The .cube profile files can be loaded on TAU's paraprof visualization tool. While tau is installed on the cluster, the graphical applications do not work well when running them from the slurmgate machines directly. These tools are available for Windows MacOS and Linux, and we recommend that each user install these visualization tools on their own workstations to inspect downloaded profile data.
When loading paraprof, one can immediately see an overview of the regions for every MPI process. On example of running BT with 8 processes is shown below.
Paraprof offers visualization of the data in multiple, connected ways. For instance, one call also show the call graph of the application, which shows the runtime relationship and timings of each function.
In addition, one can also generate 3D views that map MPI rank, function, and time spent.

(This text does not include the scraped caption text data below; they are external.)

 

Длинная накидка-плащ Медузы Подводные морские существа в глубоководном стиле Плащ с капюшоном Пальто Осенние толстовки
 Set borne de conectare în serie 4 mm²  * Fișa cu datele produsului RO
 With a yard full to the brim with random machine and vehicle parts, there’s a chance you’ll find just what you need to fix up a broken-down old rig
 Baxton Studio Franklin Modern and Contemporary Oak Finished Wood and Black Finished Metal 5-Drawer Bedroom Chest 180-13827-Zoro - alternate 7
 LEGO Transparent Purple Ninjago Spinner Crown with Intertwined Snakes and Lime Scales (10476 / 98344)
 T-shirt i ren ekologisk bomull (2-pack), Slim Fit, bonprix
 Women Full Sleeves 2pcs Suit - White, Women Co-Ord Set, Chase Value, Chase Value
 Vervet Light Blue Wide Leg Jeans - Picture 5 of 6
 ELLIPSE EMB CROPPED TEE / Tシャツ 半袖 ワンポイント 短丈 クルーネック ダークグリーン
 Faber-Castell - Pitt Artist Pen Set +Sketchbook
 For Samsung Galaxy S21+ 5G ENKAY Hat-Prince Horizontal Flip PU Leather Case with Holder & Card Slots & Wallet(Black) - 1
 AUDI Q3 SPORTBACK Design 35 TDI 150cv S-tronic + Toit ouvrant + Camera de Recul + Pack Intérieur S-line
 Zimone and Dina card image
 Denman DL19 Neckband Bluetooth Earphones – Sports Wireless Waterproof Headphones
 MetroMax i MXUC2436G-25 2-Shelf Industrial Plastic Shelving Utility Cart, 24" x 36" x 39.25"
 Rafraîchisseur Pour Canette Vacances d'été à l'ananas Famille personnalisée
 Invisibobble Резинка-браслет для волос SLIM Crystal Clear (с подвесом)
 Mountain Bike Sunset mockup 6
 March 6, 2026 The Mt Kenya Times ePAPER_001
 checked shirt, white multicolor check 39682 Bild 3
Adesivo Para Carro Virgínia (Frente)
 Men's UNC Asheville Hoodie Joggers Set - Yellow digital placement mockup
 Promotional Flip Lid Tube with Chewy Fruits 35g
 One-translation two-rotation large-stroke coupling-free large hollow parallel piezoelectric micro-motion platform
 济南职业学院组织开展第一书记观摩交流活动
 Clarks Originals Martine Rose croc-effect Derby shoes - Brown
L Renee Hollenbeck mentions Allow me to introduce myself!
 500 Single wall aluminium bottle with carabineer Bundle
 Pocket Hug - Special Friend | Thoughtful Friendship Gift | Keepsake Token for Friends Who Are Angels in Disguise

Other views such as barcharts and histograms are available. We refer the user to the complete ParaProf documentation for further details.
The CUBE tool is another visualization tool (the one that gives the file format its name, actually) that can be used to inspect profile data. It provides a practical way to explore the call tree, as it combines three different views (arranged into three columns) of the data: Metric tree (the kind of performance metric, e.g. Time or bytes sent), Call tree (where in the call path), and System tree (how the time is spent across processes in different machines).